WILLMAR, Minn.—Nearly 30 years ago in this small agricultural town, resident Pablo Obregon did a double take at a group waiting for the bus downtown on the first day of school. They were Somali children.
“Where did they come from?” he recalls wondering. Obregon, now Willmar’s director of community growth, is no longer surprised when he sees large numbers of Somalis.
So many have settled here that a lively stretch downtown is called Little Mogadishu because Somalis run more than a dozen storefront businesses. In winter it isn’t uncommon to see Somalis in traditional dress bundled up in big American-style parkas and stocking caps worn over hijabs. Somalis represent about a quarter of production workers at the Jennie-O turkey plant, the economic engine of this community of nearly 22,000 some 95 miles west of Minneapolis.
But in recent days, downtown’s strip of restaurants, groceries and clothing stores has been attracting only a few customers, shopkeepers say. ICE raids are ramping up in Minnesota, and President Trump has lashed out against immigrants from Somalia, calling them “garbage” and saying he doesn’t want them in the U.S.

Abdiweli Yusuf owns a grocery store in Willmar with family members. /Photography by Yasmin Yassin for WSJ

Photography by Yasmin Yassin for WSJ
“They are not willing to go to work and not coming outside a lot because of fear,” said Abdiweli Yusuf , a 33-year-old Somali-American, as he swept up the grocery store he owns with family members. He wore a traditional robe-like khamiis under a long wool coat and a pink stocking cap against the below-zero windchill, which he didn’t seem to mind. “Minnesota is the most welcoming place in America,” he said. “I have five kids who were born here in Willmar hospitals. This is our forever home.”

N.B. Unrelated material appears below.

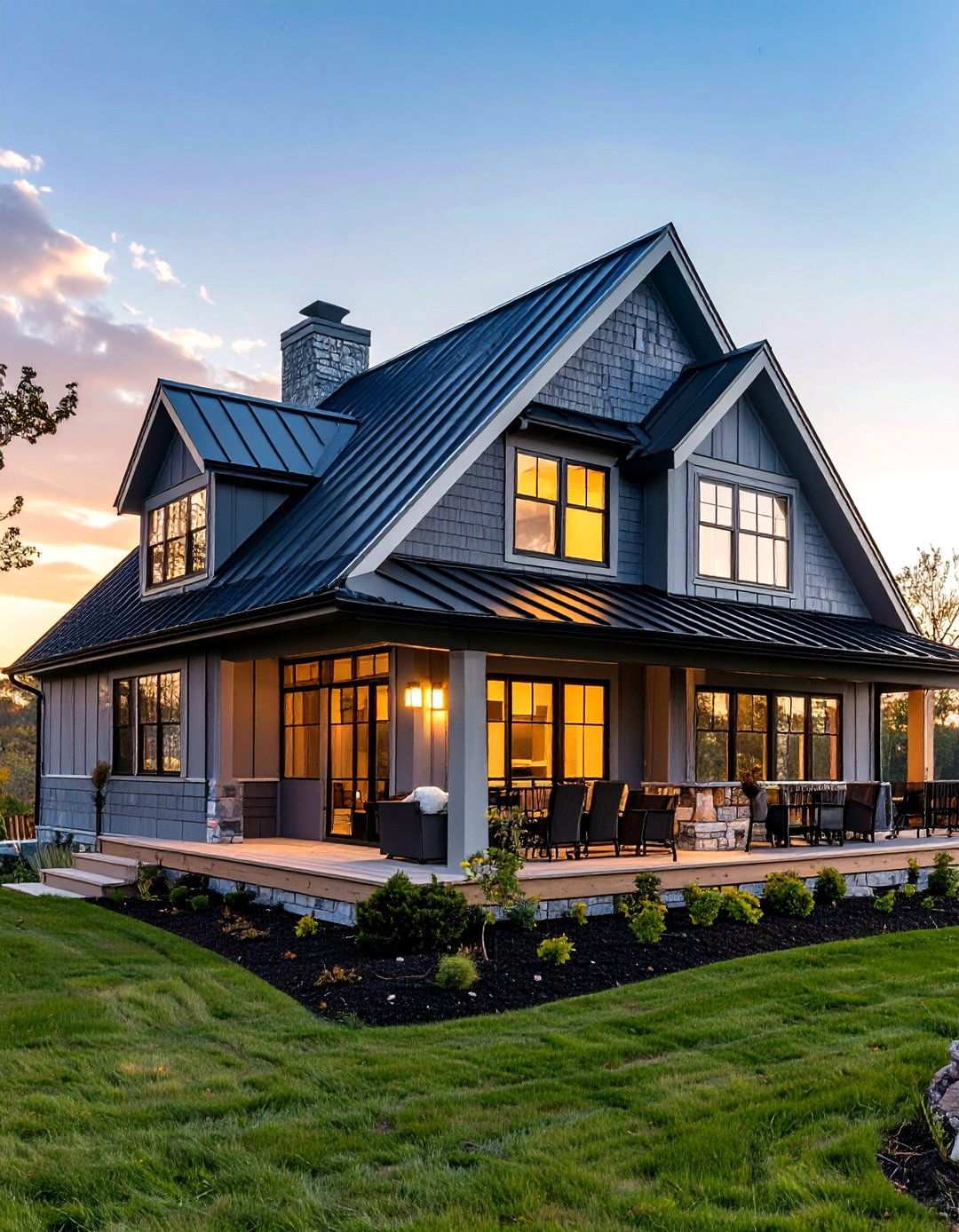 Metal Roofing with Standing Seam Design - 24 Modern Cape Cod House Ideas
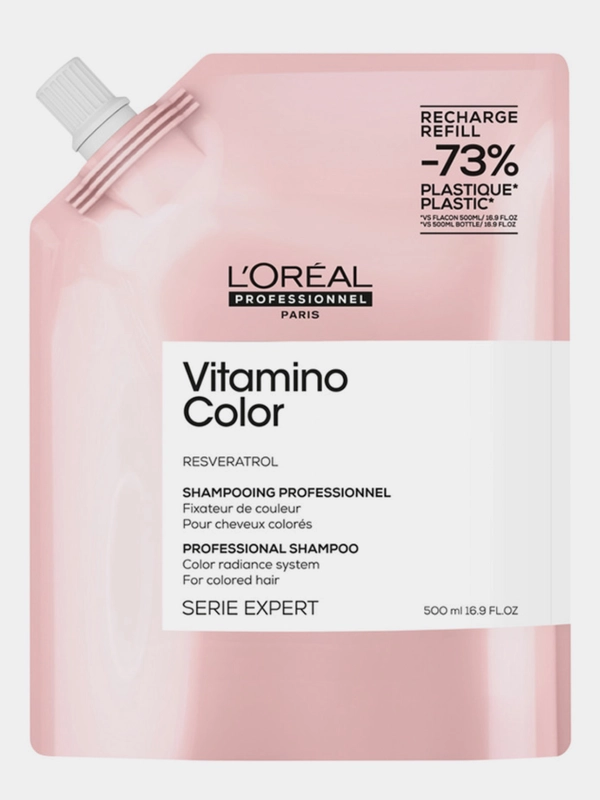Шампунь для окрашенных волос, рефил / VITAMINO COLOR 500 мл loreal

Many here, and across Minnesota, have been shaken by a sprawling fraud scandal that has put the state’s Somali community in the national spotlight and drawn Trump’s ire. Federal prosecutors say dozens of people bilked taxpayers by setting up scam social-services companies. It has hit home here.

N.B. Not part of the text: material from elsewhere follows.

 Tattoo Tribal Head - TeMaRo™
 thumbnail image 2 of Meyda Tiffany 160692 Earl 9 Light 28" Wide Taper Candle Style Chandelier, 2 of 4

A Minneapolis man pleaded guilty in February to fraud that included using the address of a Willmar restaurant to claim that he fed 1.6 million meals to children early in the pandemic, according to the U.S. Attorney for the District of Minnesota.
Local leaders say the scandal doesn’t reflect the Somali community broadly. “I can honestly say I haven’t encountered any bad Somalis,” said Willmar Mayor Doug Reese. “I mean, there’s probably some, but by and large, they’re good people.”
When Reese, a former union official, moved to the area in 1972, the city was made up mostly of descendants of Swedes, Norwegians, Dutch and Germans, he said.
The first big wave of more recent migrants was Hispanic farmworkers.
Rollie Nissen , a 79-year-old former shoe salesman and longtime Republican leader in the area, said he appreciated the inflow of cash from the newcomers. “I had no problem with them, because when they got paid they would come to my store and buy cowboy boots,” he said.
Nissen did express reservations, however, after the Somalis started to arrive in relatively large numbers.
In 2019, after Trump issued an executive order requiring states and counties to formally consent to continue receiving refugees, Kandiyohi County—where Willmar is the county seat—wrestled with the decision. Nissen, then chair of the county board, said many people wanted a pause in refugees but were afraid to say so out of fear of being labeled racist. He cited concerns from constituents about overburdened social services in the area, according to local radio coverage of the meeting.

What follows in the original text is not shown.